Inappropriate selection
In addition to correct joint design, selection of a sealant product with the ability to withstand anticipated building movement is critical to avoid premature failure. Inadequate provision for movement, either by underestimating the amount of movement or by using a sealant with insufficient movement capability, can cause even correctly proportioned joints to fail.
Fountains, parking garages, plazas, schools, and other sites subject to vandalism, water, and weather conditions demand sealant with superior abrasion resistance. High-heeled shoes—the bane of the precast concrete parking garage owner—are notorious for puncturing sealant at joints. Special additives and hardeners are manufactured specifically to resist damage from high heels. Pick-proof sealants could withstand vandalism, but these harder materials tend not to accommodate much movement.
Substrate compatibility is another major consideration when selecting a sealant. Some products can leach chemicals, discoloring or degrading porous substrates, such as brick masonry and stone. Under stress, a sealant stronger than its substrate, can cause cracks and spalls, as force is dissipated within the weaker material.

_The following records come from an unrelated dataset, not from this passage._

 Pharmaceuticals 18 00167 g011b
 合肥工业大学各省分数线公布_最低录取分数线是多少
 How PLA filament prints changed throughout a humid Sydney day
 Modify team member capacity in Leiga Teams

This phenomenon is common with exterior insulation and finish systems (EIFS).
Existing coatings can also prove problematic for sealant performance. Fully removing such coatings—or selecting a sealant compatible with the existing product—is necessary to achieve adequate adhesion. As many surface sealers are clear and, therefore, difficult to detect, it is important to conduct a field adhesion test before full-scale sealant replacement.
Improper application
The number one concern in the sealant application process is surface preparation. Given how often sealant failures relate to poor surface preparation, and how costly such failures can be to rehabilitate, it would be reasonable to assume a top consideration for sealant installers would be the diligent and thorough cleaning and, if required, priming of joint surfaces. However, this is not necessarily so. Especially for workers who have “always done it this way,” manufacturers’ recommendations for preparing the substrate may have little bearing on what is actually done in the field. At a minimum, surfaces must be clean and dry. Too often, though, even this simple stipulation is ignored. Dirty rags, incorrect or contaminated solvent, lint, and residue from existing sealant are just some of the many ways in which a sealant joint can be compromised.

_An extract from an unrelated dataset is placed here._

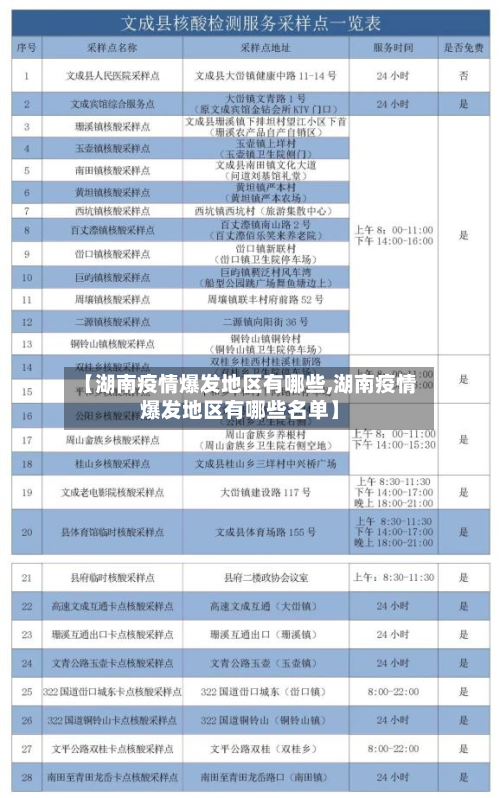 【湖南疫情爆发地区有哪些,湖南疫情爆发地区有哪些名单】-第2张图片
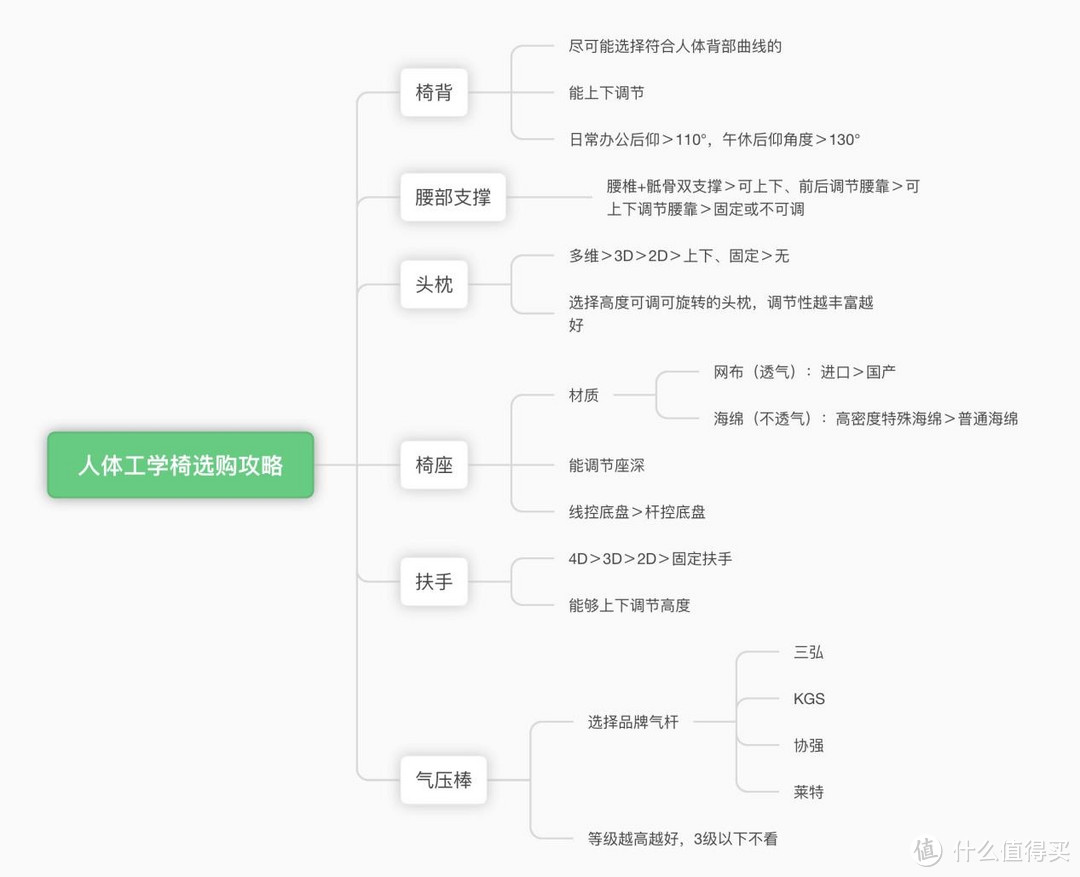 2023年有哪些人体工学椅推荐？网易严选探索家Pro、西昊C300，保友金豪B2哪款更值得买？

A number of sealant types require surface primers prior to application, depending on the substrate. Primers can enhance adhesion, prevent the sealant from diffusing into the substrate, and emulsify dirt particles remaining on the surface. The advantage to using a sealant that does not require a primer is there is less room for error on the part of the installer, and skipping the priming step cuts down on application time and cost. However, some of the sealants requiring a primer perform better overall than their direct-application counterparts, so the additional time and oversight required for primer use may be worthwhile in the long run.
Weather conditions on the day of application can affect sealant performance. A significant percentage of sealant failures may be attributed to noncompliance with manufacturer instructions regarding installation. Ideally, sealant should be installed at the median of the design range, meaning the sealant has room to elongate or compress to accommodate fluctuations in temperature. If the sealant is installed in very cold weather, for instance, the substrate has shrunk and the joint is at its widest. As the weather warms and the substrate expands, compressive forces may exceed the sealant’s tolerance, leading to failure. The converse is also true; sealant installed in hot weather may stretch beyond capacity as the weather cools and the substrate contracts. Sealant installed at moderate temperatures retains the flexibility to accommodate the upper and lower ends of the design range.
Sealant viscosity also varies with temperature. If the temperature is very hot, sealant may sag; cold sealant, on the other hand, may be thick and difficult to tool. High humidity, frost, dew, or dampness can also lead to failure, as sealant will not adhere properly to a surface that is not dry.
Correct joint preparation and tooling are essential. Using a backer rod prevents three-sided adhesion for moving joints, and it helps to achieve correct sealant depth and profile. Without a bond-breaker at the back of the joint, sealant adheres to all three sides, leading to adhesive or cohesive failure—or both. To understand how this works, picture stretching a rubber band. This is how a sealant joint is meant to operate: one’s hands are the substrate, stretching and relaxing the rubber band, which represents the sealant. Now imagine grasping the rubber bands with the hands very close together, leaving only a tiny bit of the band to stretch and contract. Similarly, three-sided adhesion restricts elongation, as the bond area imposes additional stress on the sealant.

Sloppy tooling may result in voids, gaps, and irregular sealant thickness, causing stresses to act unevenly along the joint. Ideally, sealant should follow the curve of the cylindrical backer rod, with a concave tooled surface, such that it resembles an hourglass in a cross-section.
Reversion
Some organic sealants, especially polyurethanes, have the potential for reversion failure, in which they return to an uncured or gummy state in response to UV light exposure and moisture. Although manufacturers became aware of this problem more than a decade ago and have modified their products accordingly, owners and managers of buildings with older sealants should be on the lookout for signs of reversion. Keeping tabs on the consistency and performance of sealants should be part of a routine maintenance program.